Records supplied –
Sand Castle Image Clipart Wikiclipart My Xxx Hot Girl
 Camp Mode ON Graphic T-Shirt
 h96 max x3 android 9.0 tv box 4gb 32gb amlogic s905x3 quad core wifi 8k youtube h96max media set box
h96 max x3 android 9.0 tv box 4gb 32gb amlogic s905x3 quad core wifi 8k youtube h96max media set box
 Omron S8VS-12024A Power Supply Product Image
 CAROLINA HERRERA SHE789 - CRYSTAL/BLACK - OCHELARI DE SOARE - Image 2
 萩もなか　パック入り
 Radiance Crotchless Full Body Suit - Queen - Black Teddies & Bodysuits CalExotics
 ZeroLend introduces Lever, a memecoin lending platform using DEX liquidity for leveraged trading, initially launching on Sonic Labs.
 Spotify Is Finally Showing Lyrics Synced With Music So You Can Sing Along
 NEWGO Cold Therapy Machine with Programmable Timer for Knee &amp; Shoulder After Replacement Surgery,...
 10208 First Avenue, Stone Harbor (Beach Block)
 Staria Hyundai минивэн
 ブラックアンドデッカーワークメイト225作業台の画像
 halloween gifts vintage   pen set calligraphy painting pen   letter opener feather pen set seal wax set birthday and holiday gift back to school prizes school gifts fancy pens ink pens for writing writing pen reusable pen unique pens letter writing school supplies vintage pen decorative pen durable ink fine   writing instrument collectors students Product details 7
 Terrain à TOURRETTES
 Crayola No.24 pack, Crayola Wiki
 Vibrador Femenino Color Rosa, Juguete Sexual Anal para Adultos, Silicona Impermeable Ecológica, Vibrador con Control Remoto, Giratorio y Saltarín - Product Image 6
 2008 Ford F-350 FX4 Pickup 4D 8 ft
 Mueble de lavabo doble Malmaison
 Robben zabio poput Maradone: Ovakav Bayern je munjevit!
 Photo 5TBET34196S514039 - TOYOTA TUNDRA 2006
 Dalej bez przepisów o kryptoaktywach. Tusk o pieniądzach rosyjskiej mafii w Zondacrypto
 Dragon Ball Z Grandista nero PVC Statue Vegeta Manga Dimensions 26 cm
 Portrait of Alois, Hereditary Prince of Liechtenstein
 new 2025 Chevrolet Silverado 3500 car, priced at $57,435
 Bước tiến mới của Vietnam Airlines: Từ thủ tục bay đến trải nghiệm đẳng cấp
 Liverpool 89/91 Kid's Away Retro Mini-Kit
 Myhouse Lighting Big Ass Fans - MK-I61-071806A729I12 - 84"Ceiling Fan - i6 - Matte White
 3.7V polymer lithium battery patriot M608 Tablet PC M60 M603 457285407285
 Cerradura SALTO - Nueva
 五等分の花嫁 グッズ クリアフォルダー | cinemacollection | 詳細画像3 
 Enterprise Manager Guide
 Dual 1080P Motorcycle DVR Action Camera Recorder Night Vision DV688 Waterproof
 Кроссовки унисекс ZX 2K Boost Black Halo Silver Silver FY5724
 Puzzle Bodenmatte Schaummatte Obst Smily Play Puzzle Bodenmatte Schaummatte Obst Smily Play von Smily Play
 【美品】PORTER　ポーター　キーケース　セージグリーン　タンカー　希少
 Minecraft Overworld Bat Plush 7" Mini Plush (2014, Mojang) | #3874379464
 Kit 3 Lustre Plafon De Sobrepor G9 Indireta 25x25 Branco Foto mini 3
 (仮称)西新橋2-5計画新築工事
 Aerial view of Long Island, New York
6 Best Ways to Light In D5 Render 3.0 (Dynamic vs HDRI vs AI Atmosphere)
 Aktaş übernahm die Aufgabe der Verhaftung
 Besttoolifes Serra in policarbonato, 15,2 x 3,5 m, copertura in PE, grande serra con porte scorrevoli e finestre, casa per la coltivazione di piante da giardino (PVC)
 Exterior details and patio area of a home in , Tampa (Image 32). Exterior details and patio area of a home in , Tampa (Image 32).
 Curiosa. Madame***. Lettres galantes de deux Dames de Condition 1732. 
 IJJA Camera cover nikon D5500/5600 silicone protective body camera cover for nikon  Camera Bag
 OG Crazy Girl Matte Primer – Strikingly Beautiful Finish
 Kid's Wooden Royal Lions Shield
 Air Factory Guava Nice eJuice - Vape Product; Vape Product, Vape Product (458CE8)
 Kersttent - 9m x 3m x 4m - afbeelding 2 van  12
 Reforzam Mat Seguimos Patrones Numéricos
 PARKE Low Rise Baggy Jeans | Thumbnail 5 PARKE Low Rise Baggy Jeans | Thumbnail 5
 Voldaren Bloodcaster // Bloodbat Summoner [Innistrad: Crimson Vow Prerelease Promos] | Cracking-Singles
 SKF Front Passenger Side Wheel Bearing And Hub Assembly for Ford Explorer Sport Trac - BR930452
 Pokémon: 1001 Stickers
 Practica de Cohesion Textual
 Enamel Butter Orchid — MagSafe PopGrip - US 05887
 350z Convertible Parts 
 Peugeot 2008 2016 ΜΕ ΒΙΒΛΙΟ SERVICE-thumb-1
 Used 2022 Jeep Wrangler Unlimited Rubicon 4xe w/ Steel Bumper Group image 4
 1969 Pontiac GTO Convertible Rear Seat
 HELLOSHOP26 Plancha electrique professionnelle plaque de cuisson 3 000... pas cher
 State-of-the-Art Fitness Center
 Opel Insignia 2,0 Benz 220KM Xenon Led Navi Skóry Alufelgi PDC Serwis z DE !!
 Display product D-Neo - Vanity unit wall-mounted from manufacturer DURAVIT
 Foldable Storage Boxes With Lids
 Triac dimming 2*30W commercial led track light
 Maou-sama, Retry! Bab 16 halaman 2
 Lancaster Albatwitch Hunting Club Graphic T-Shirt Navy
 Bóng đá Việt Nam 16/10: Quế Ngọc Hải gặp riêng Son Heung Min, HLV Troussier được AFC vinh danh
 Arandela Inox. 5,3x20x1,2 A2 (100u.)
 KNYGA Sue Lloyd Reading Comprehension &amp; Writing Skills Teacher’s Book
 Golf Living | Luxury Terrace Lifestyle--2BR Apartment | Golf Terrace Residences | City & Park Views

Directions for this task –
Reproduce verbatim the lines above, from the line with "Enamel Butter Orchid" through the line with "Opel Insignia 2,0".

Answer to this exercise –
 Enamel Butter Orchid — MagSafe PopGrip - US 05887
 350z Convertible Parts 
 Peugeot 2008 2016 ΜΕ ΒΙΒΛΙΟ SERVICE-thumb-1
 Used 2022 Jeep Wrangler Unlimited Rubicon 4xe w/ Steel Bumper Group image 4
 1969 Pontiac GTO Convertible Rear Seat
 HELLOSHOP26 Plancha electrique professionnelle plaque de cuisson 3 000... pas cher
 State-of-the-Art Fitness Center
 Opel Insignia 2,0 Benz 220KM Xenon Led Navi Skóry Alufelgi PDC Serwis z DE !!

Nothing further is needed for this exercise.